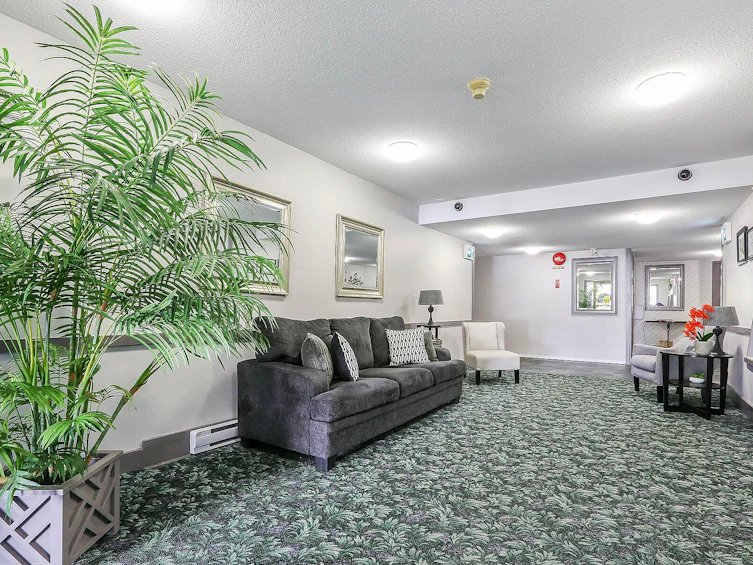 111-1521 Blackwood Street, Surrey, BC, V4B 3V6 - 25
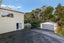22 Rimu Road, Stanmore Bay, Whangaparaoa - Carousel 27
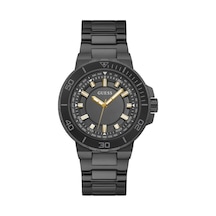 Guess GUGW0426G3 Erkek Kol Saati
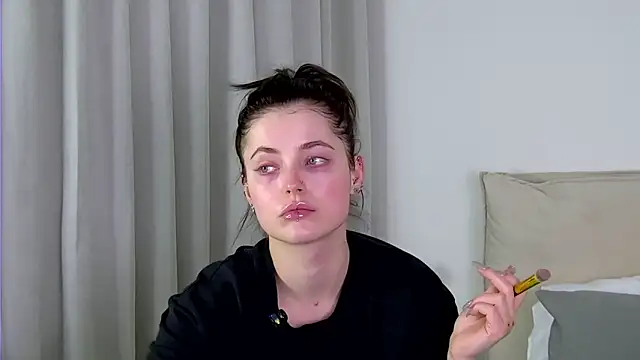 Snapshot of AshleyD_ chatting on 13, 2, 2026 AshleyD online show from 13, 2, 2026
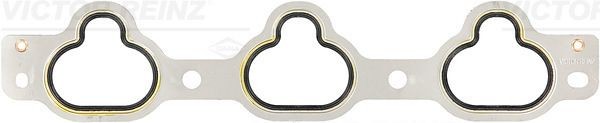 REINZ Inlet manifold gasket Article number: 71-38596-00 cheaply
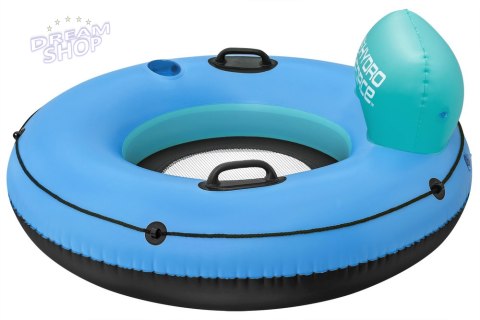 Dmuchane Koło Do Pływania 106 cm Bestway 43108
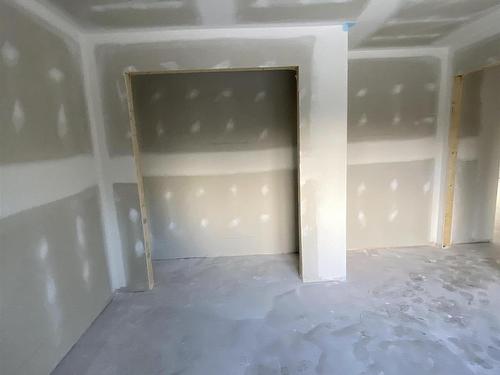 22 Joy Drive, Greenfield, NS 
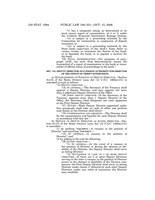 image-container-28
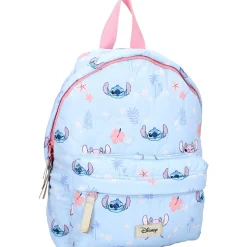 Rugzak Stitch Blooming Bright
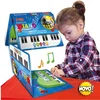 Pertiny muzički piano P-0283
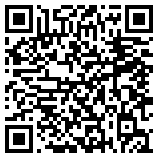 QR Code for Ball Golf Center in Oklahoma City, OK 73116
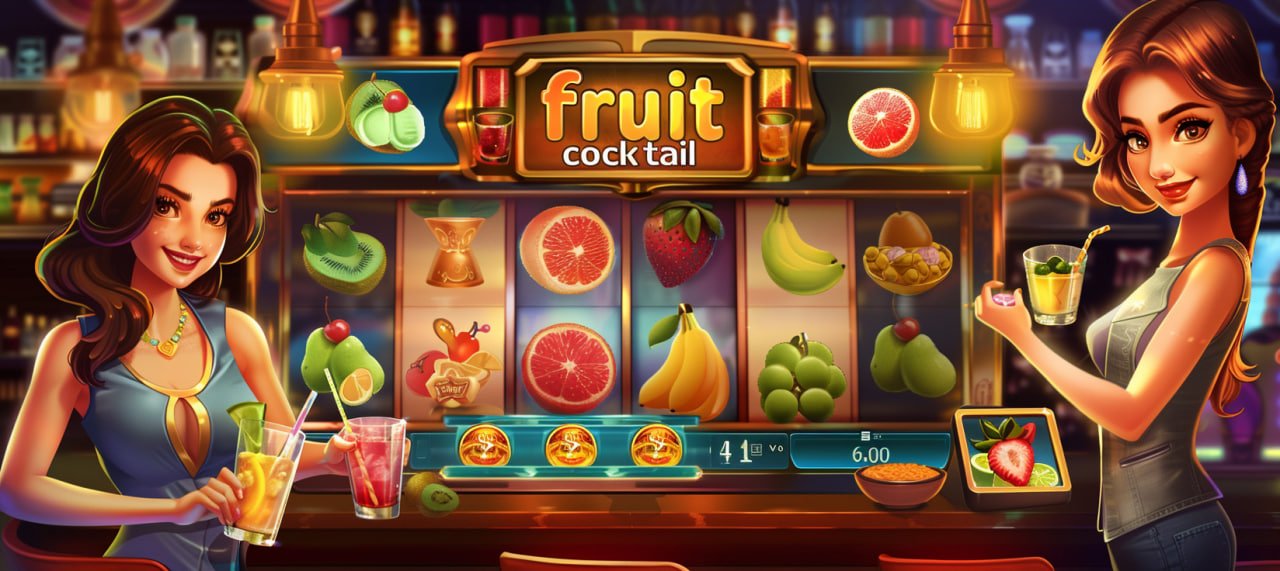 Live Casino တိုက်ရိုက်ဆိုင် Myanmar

_____

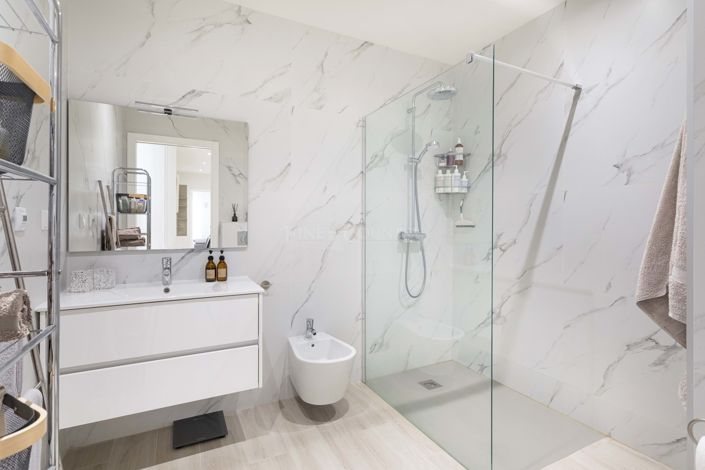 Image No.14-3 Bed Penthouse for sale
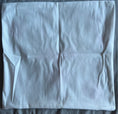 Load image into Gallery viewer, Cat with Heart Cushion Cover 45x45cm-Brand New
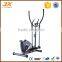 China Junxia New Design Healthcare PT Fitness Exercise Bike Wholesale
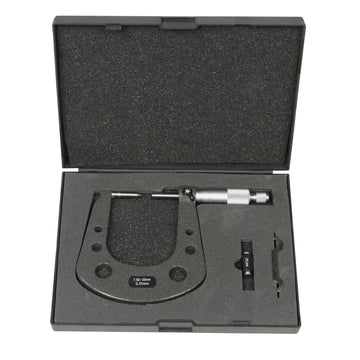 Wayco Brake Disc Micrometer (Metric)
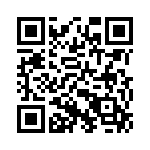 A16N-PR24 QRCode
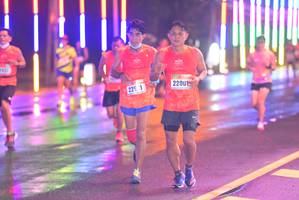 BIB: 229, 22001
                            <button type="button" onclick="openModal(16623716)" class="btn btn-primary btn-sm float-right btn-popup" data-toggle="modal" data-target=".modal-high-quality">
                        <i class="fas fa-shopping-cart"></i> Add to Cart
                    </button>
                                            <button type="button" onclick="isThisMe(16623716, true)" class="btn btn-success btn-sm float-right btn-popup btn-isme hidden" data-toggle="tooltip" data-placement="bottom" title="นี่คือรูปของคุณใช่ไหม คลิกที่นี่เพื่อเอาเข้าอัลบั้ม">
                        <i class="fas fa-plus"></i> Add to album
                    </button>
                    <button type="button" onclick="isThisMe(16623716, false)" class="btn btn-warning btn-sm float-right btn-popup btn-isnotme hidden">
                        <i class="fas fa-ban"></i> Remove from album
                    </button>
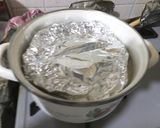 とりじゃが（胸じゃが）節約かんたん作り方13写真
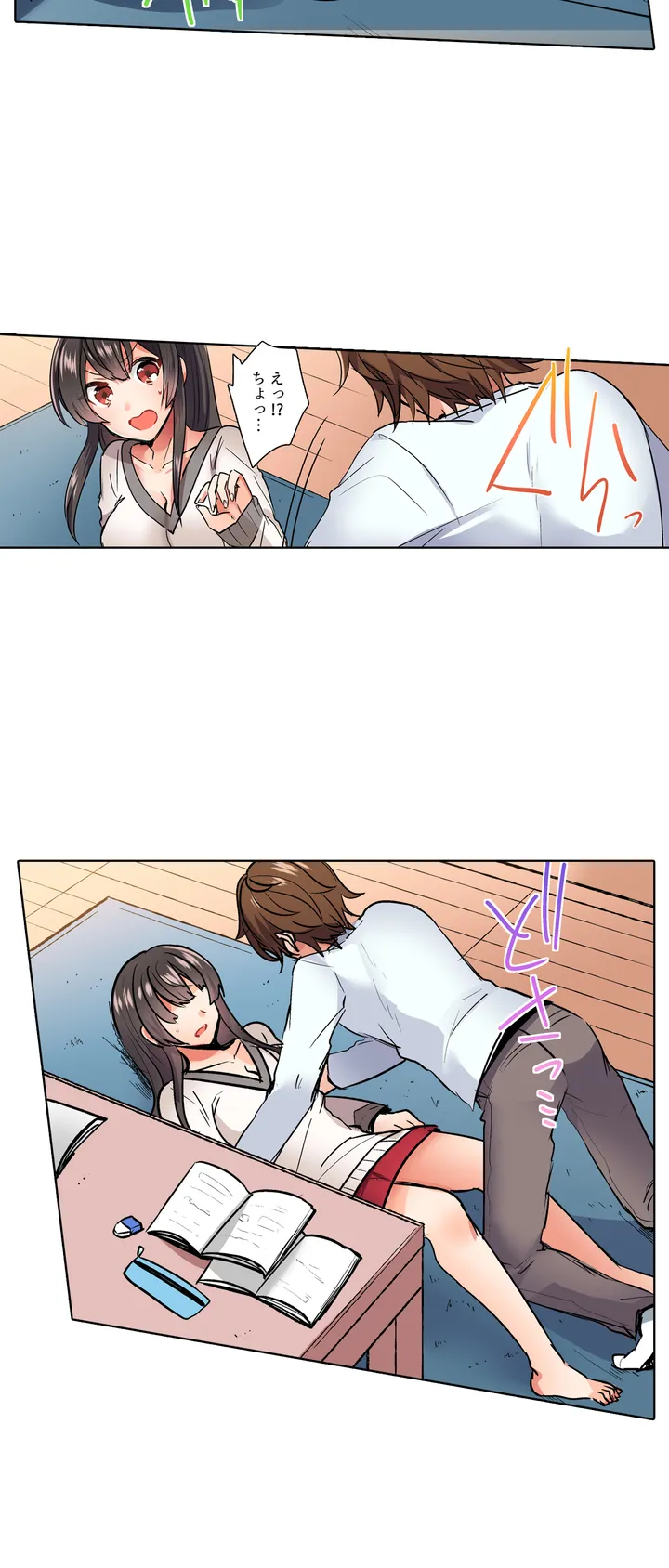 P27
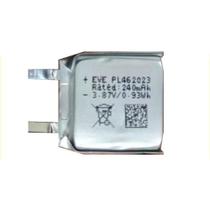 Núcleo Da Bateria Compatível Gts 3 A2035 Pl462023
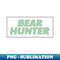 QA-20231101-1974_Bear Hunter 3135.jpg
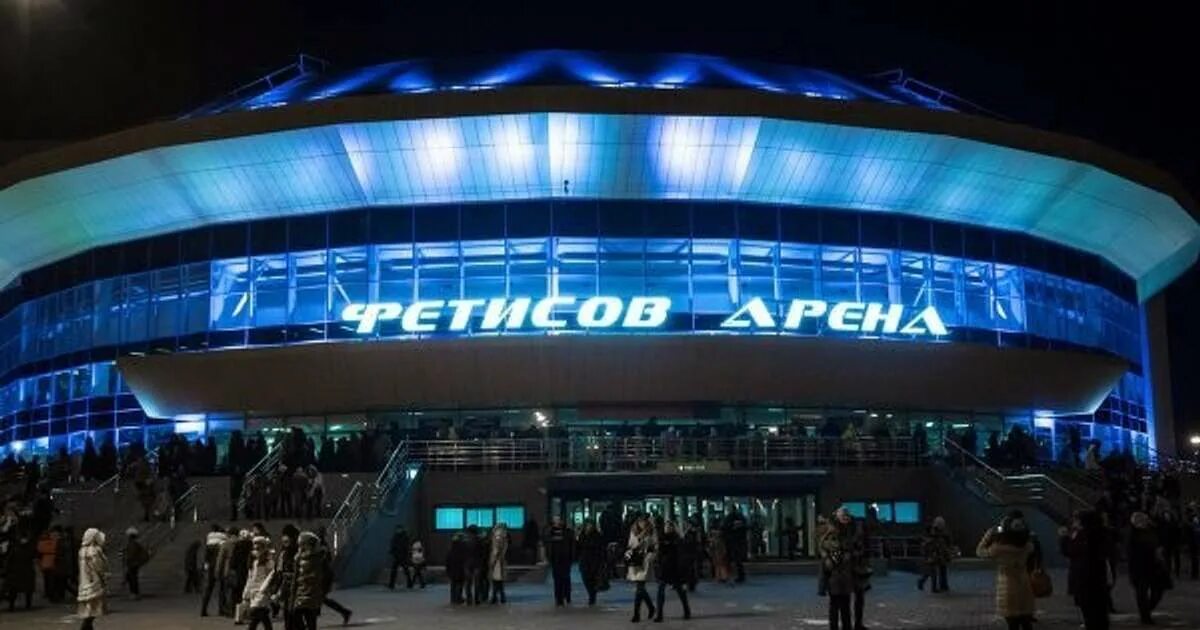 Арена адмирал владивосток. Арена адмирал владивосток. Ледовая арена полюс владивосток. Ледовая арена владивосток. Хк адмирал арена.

_____

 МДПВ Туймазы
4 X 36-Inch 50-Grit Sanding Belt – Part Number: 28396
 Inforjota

_____

§ **WHAT IS NEEDED**
Start with the line above containing "111-1521 Blackwood Street, Surrey, BC, V4B" and end with the line containing "Live Casino တိုက်ရိုက်ဆိုင် Myanmar". Set down that stretch exactly, without any pictures.

§ **TASK RESULT**
 111-1521 Blackwood Street, Surrey, BC, V4B 3V6 - 25
22 Rimu Road, Stanmore Bay, Whangaparaoa - Carousel 27
 Guess GUGW0426G3 Erkek Kol Saati
 Snapshot of AshleyD_ chatting on 13, 2, 2026 AshleyD online show from 13, 2, 2026
 REINZ Inlet manifold gasket Article number: 71-38596-00 cheaply
 Dmuchane Koło Do Pływania 106 cm Bestway 43108
 22 Joy Drive, Greenfield, NS 
 image-container-28
 Rugzak Stitch Blooming Bright
 Pertiny muzički piano P-0283
 QR Code for Ball Golf Center in Oklahoma City, OK 73116
 Live Casino တိုက်ရိုက်ဆိုင် Myanmar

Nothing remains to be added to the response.